Refraction across an angular unconformity between nonparallel TI media

Assuming elliptical wavefronts, we reformulate refraction theory for transversely isotropic (TI) media based on the use of the auxiliary angle, α, which is intermediate between the phase angle, θ, and the group angle, ϕ. When considering the application of stretching to transform elliptically anisotropic media into isotropic media, the auxiliary angle is a natural one to use because both θ and ϕ → α under such stretching. Our present formulation for TI media makes the assumption of elliptical anisotropy, which is valid generally for SH-waves but only as a special case for P-and SV-waves, where, in the SV case, the only possible ellipses are circles. Nevertheless, the theory has useful applications for P-waves over limited ranges of propagation direction (e.g., in the short-spread approximation).
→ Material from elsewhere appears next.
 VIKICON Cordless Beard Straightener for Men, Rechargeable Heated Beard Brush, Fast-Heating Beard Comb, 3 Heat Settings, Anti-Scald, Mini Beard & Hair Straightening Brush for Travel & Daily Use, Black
Our formulation provides explicit results for all angles of incidence and for what we term an angular unconformity between two TI media, that is, for all orientations of the axes of symmetry for each of the media, and for all orientations of the interface, assuming these two axes and the interface normal to lie in the same vertical plane. Our conclusions have been verified by showing that the phase angles and phase velocities of the incident and refracted waves obey Snell's law across the interface. We also demonstrate, using auxiliary angles, that the description of refraction between elliptically anisotropic media by stretching the media to make them isotropic, then applying isotropic refraction, is also valid for our general angular-unconformity case. However, both stretching (1D) and either scaling (2D) or shearing must be applied correctly and separately to the two media. The refraction algorithm developed from this theory and another developed by Byun in terms of phase-velocity theory are currently the only published noniterative algorithms known to us for refraction across an angular unconformity where the axes of anisotropy are parallel neither to each other nor to the interface. Based on this theory, we have developed a demonstration program, AUXDEMOC, that computes the refracted-ray angles for any combination of parameters by the two equivalent methods: (1) anisotropic refraction and (2) stretching plus isotropic refraction. This program can be downloaded from http://www.crewes.org/under Free Software.